This report shines a light on the predicament facing single homeless adults, who often struggle to access mainstream housing options and so end up cycling in and out of low-quality temporary accommodation, which has impacts on their health and creates future costs for local services.
Here is the report:
It was produced by IPPR in february 2016. they said;

“Too many single homeless households do not get full state support to find a permanent place to live. The absence of housing options during times of personal crisis means that many single homeless adults are driven towards the most dreadful corners of the English housing market, forced to live in bed-and-breakfast accommodation, private hostels and short-stay houses in multiple occupation (known collectively as ‘unsupported temporary accommodation’). The physical and social conditions in these dwellings are often appalling. There is limited statutory control over who is placed or directed to the accommodation, and enforcement activity on the conditions of dwellings and quality of the management is often found wanting.
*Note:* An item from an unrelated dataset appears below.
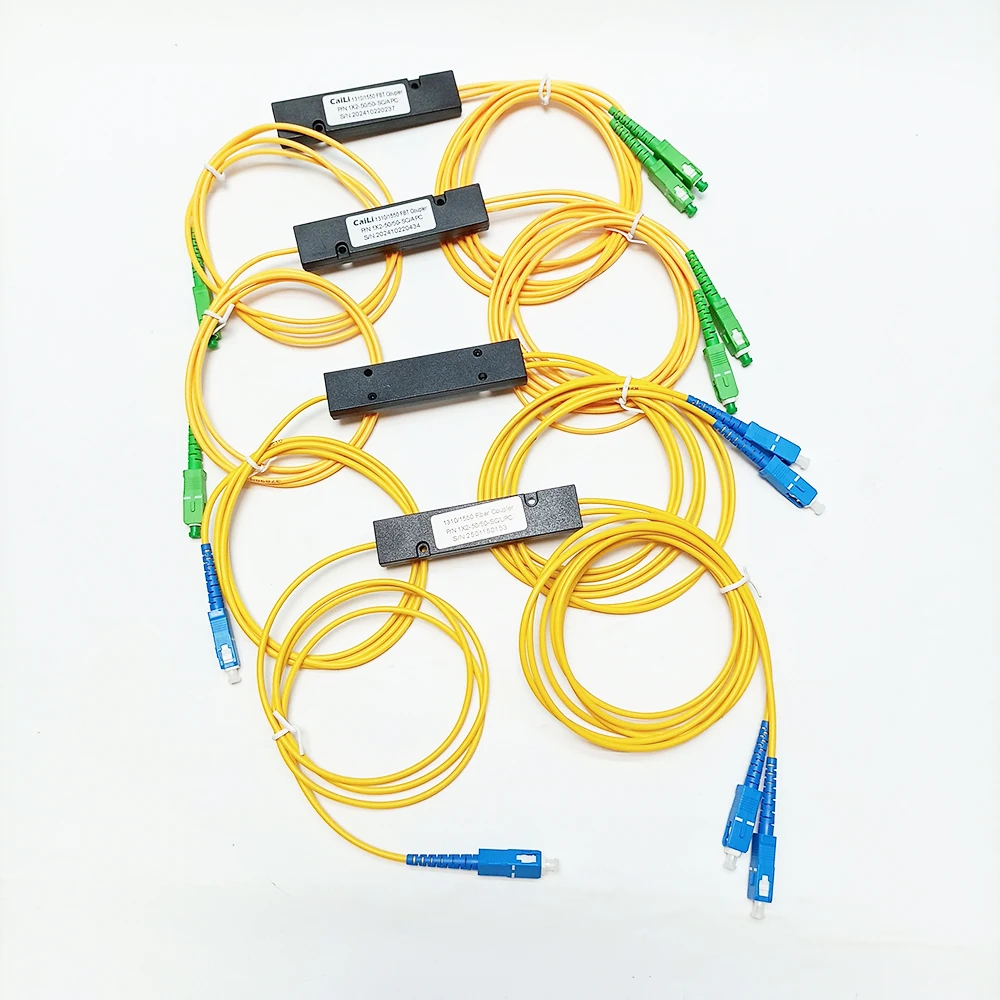 SC APC/UPC 1X2 FBT Cavo in fibra ottica Manicotto tipo conico Splitter Computer 1 punto 2 Fibra ottica Splitter Box conico da 1 a 2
Part of the problem is that this is a group of hidden homeless households, and their plight and housing largely go unseen and undocumented. As a result there are no accurate estimates of the number of single homeless households living in B&Bs or good records of the number of bedspaces this sector provides. Previous estimates have suggested the problem is considerable: for instance, research by Shelter suggests that single homeless use of private B&Bs and hostels is 5–10 times greater than is reported in quarterly government data (see Credland 2004, Crisis 2006).

The practical and policy interventions in this report are structured around the four stages of a typical stay, with a view to providing support at each stage and breaking the cycle many people face as they move into, out of and back into unsupported temporary accommodation. We seek to repair the ‘control deficit’ that many tenants feel when they move into unsupported temporary accommodation, and also to build their experiences into a positive ‘feedback loop’ between tenants and local actors.

Rather than rely on the Westminster government’s agenda in this area, we propose local but system-wide changes designed to empower tenants to have more control over their own journey, and to have a positive impact on the health and wellbeing of the people who live in unsupported temporary accommodation.